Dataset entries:
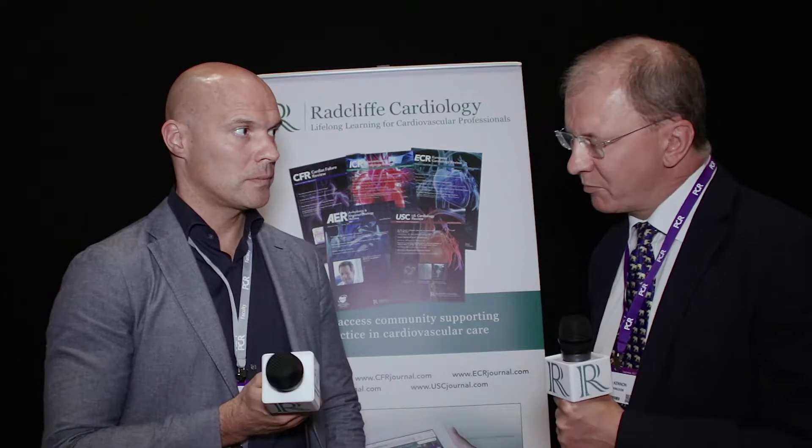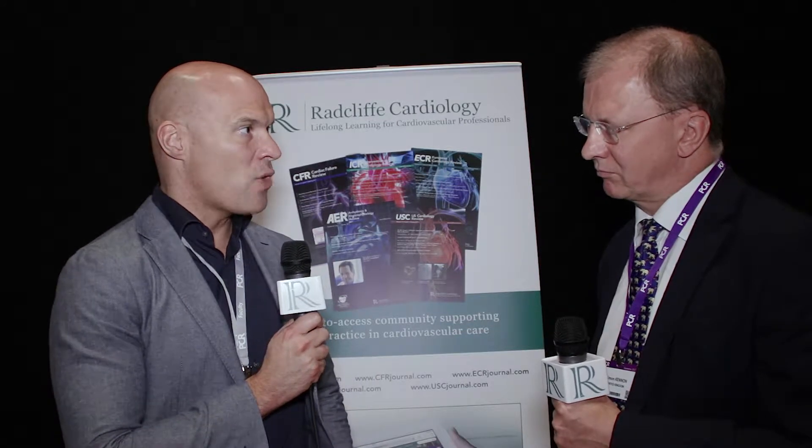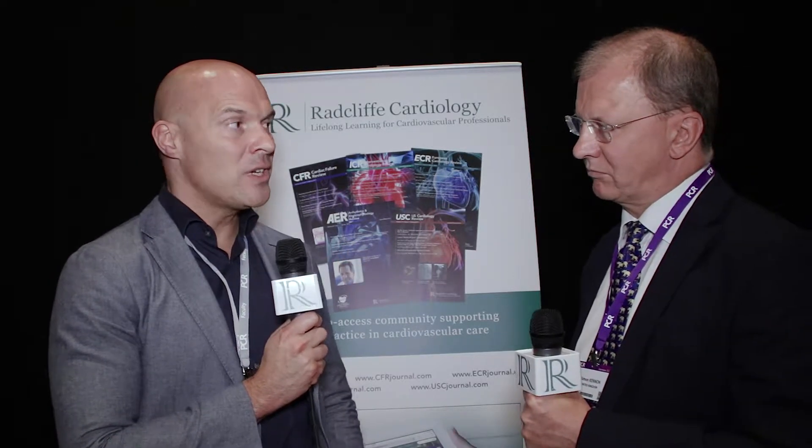It's a self-expanding system and it has the repositionable and retrievable features from the Evolut R. The new feature is a sealing wrap around the outside of the device that extends 13 millimeters in height on the outside of the valve. There is an increase in profile — we were all excited about the Evolut R because it had a 14 French profile, but this system has become a 16 French profile, so you lose a little bit of profile but you add a sealing property.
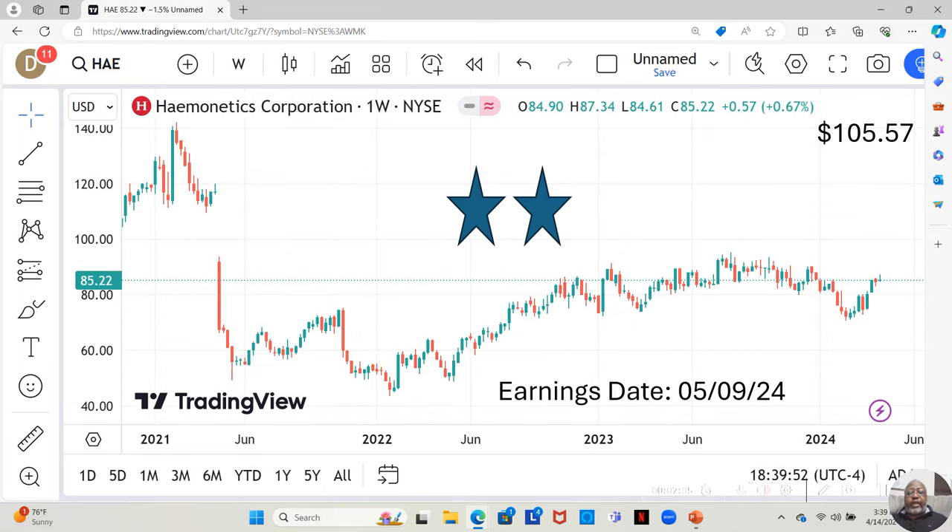Then we have Hamonetics. They are a two-star, currently moving in a sideways pattern. They have an earnings report dropping on May 9th. They're currently at $85.22 a share, and Yahoo analysts estimate they can move up to $105.57 in the next 12 months.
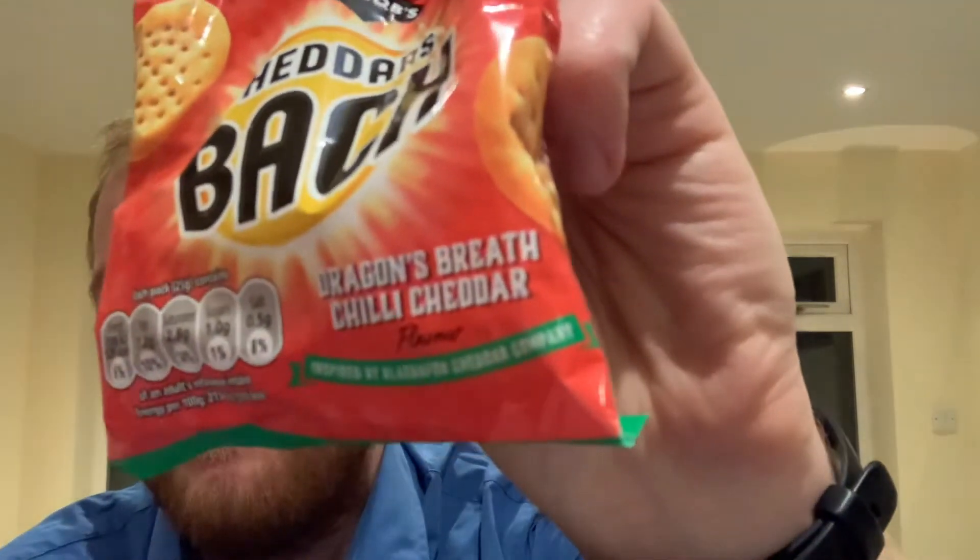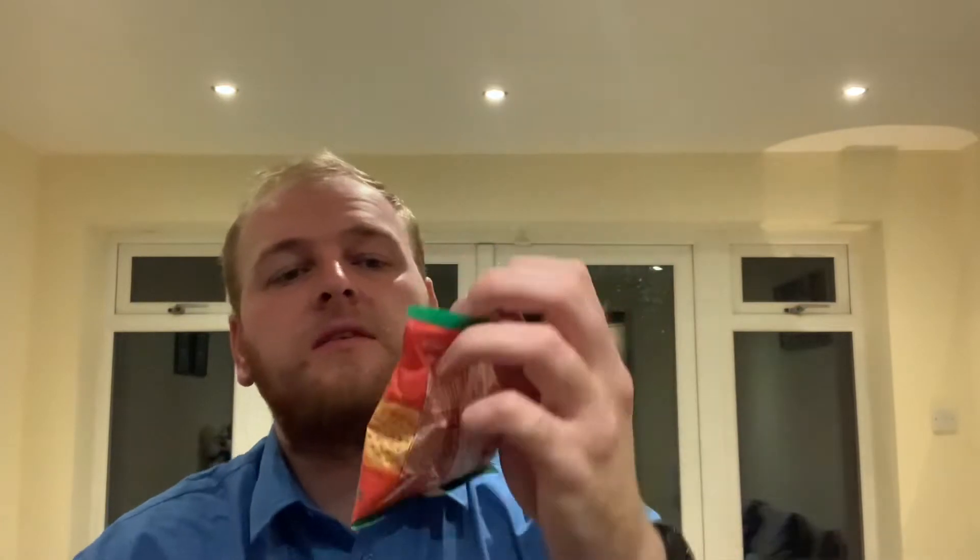So Dragon's Breath and Chilli Cheddar — I'm guessing there's got to be some sort of spice to it. I've just got a little packet out here. It's inspired by Blair Nathan Cheddar Company. I don't know if you can read that right at the bottom. So let's give these a go.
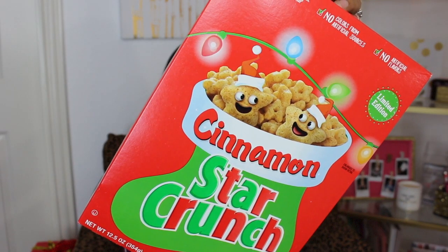Super random, but the Christmas cereal was 50% off as well. So this was only $1.25 — I mean, it's cereal, so why not? And it is the Cinnamon Star Crunch.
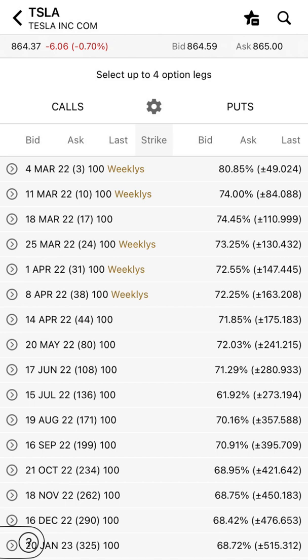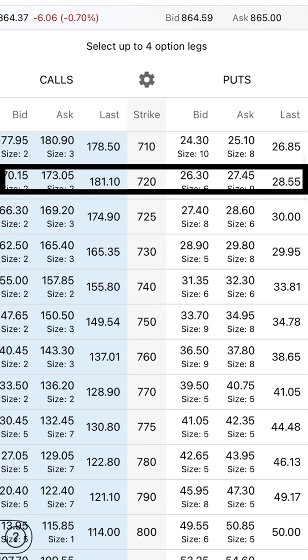First, go to the option chain and find the 14 April 2022 chain. Open it up and find the put columns, sell the $720 put at the bid and buy the $710 put at the ask.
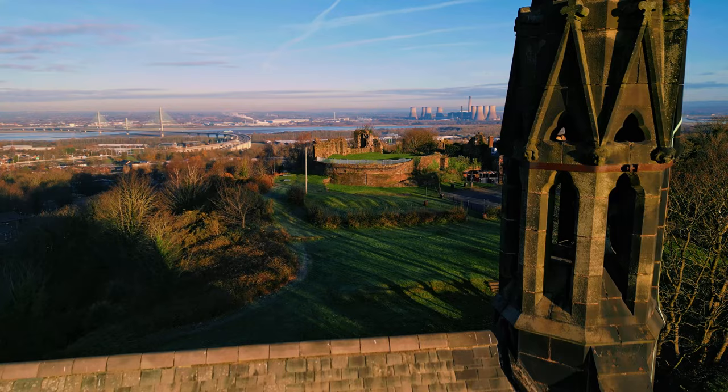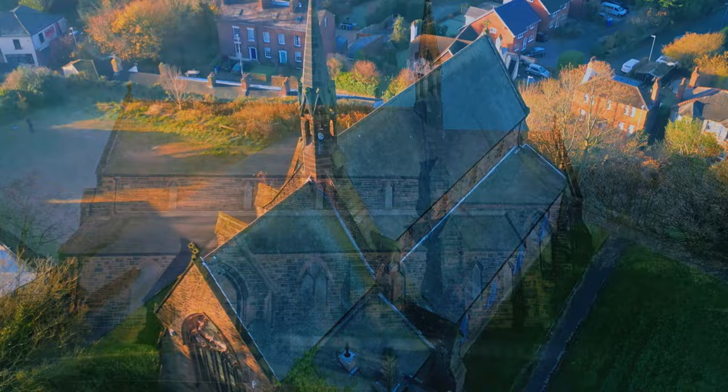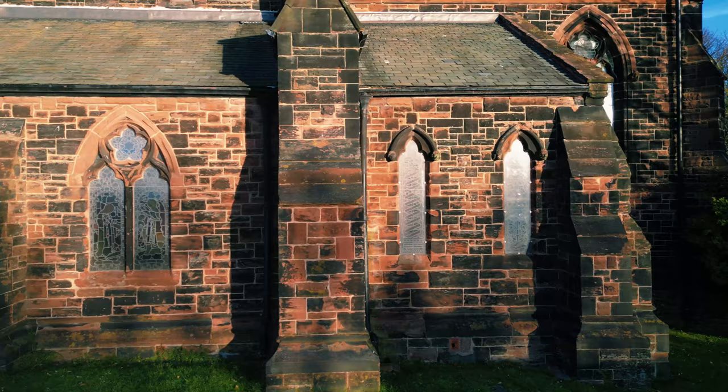Halton Castle had had an associated chapel for many centuries, but by the end of the Civil War it was in ruins. In the middle of the 19th century, the church was rebuilt in local red sandstone with a slate roof. It was consecrated in 1852.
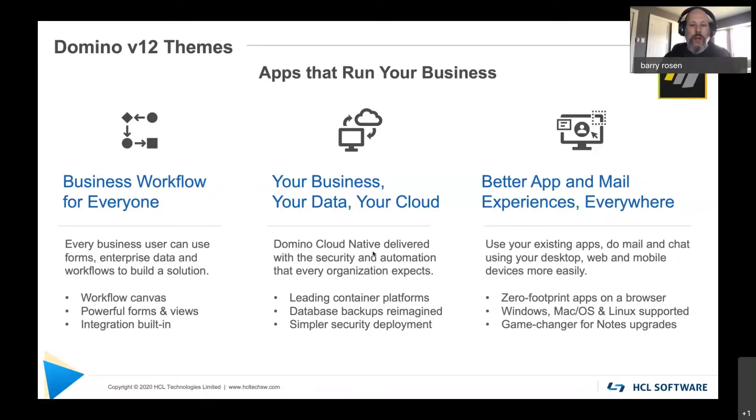We're going to be supported on the latest and leading container platforms, focused on database backups and simpler security deployment. Don't forget about our CHMSPs — our cloud hosting providers who will host all of our offerings in a cloud hosting model. And finally, to the right, we've got better app and mail experiences everywhere. We want to focus on zero-footprint apps in a browser — that's really going to be one of the major focuses for V12. That will allow you to run on Windows, Mac, and Linux, because wherever your browser runs, you'll be able to run this. This is really a game changer for deploying and upgrading a Notes client.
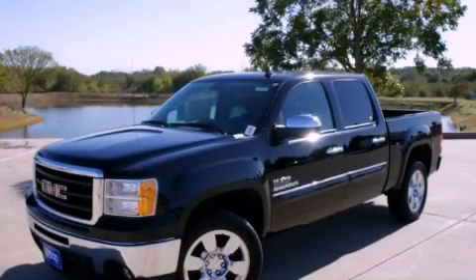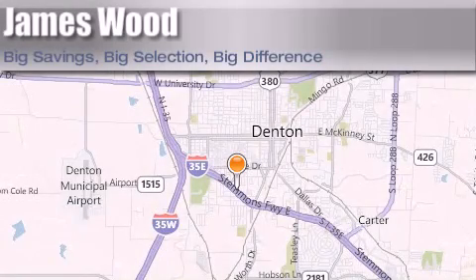Stop by today and test drive this vehicle for yourself. James Wood Auto Park is located at 3906 Interstate 35E South in Denton. Our goal is to exceed all of your expectations to ensure that you'll return for future visits.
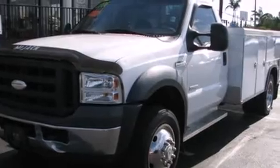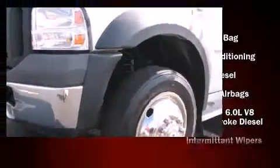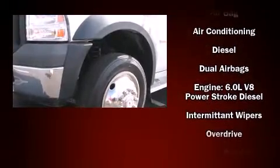Ford infused the interior with top-shelf amenities such as a tachometer, variably intermittent wipers, and more.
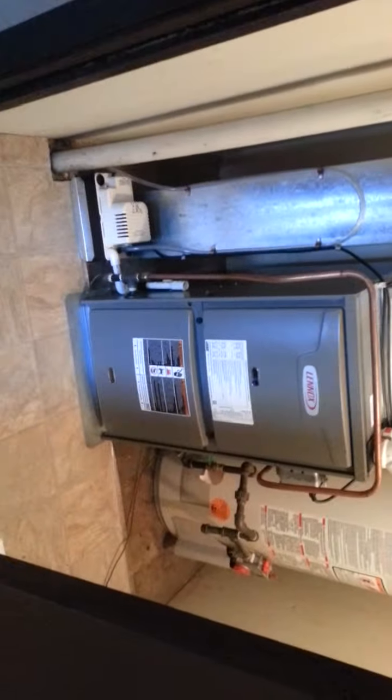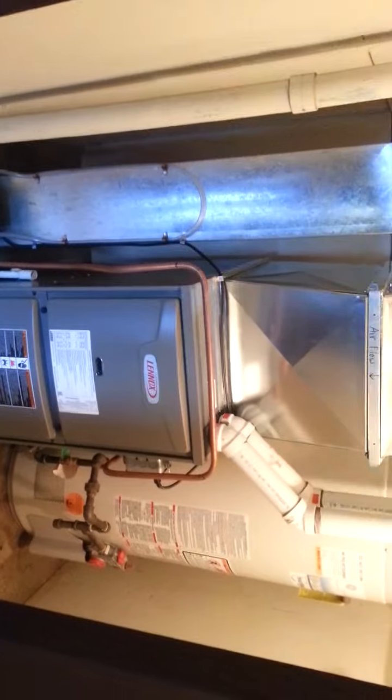Some of them have had upgraded countertops. All four suites have the same mechanical room in the same location, and they all have high-efficiency furnaces and new hot water tanks. The roof is about eight to nine years old.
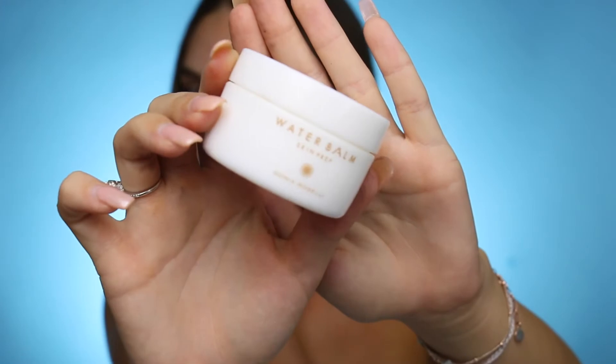I'm first going to start off with my water balm — it's a really cool primer cream. It has the weirdest texture you've ever felt and I just feel like it really helps keep my makeup on for the day, especially when you're breaking out like I am right now.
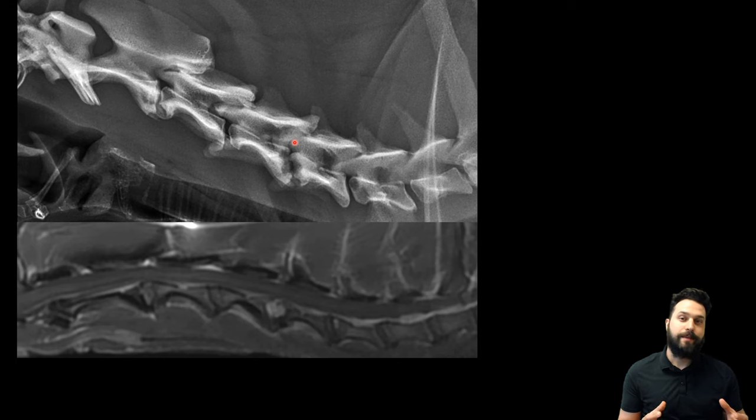So this is an example of discospondylitis in a dog — look for those concave lucencies in the end plates, that end plate irregularity and lysis. Those are the hallmark features of this disease, and we shouldn't confuse it with the smooth ventral bone proliferation known as spondylosis deformans. I hope this helps, especially when the next patient comes in with neck pain.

### TASK DIRECTIONS
Only the lines from the one containing "Stop by today" through the last line of the entries above belong in the copy; reproduce them exactly and drop every picture.

### YOUR SOLUTION
Stop by today and test drive this vehicle for yourself. James Wood Auto Park is located at 3906 Interstate 35E South in Denton. Our goal is to exceed all of your expectations to ensure that you'll return for future visits.
Ford infused the interior with top-shelf amenities such as a tachometer, variably intermittent wipers, and more.
Some of them have had upgraded countertops. All four suites have the same mechanical room in the same location, and they all have high-efficiency furnaces and new hot water tanks. The roof is about eight to nine years old.
I'm first going to start off with my water balm — it's a really cool primer cream. It has the weirdest texture you've ever felt and I just feel like it really helps keep my makeup on for the day, especially when you're breaking out like I am right now.
So this is an example of discospondylitis in a dog — look for those concave lucencies in the end plates, that end plate irregularity and lysis. Those are the hallmark features of this disease, and we shouldn't confuse it with the smooth ventral bone proliferation known as spondylosis deformans. I hope this helps, especially when the next patient comes in with neck pain.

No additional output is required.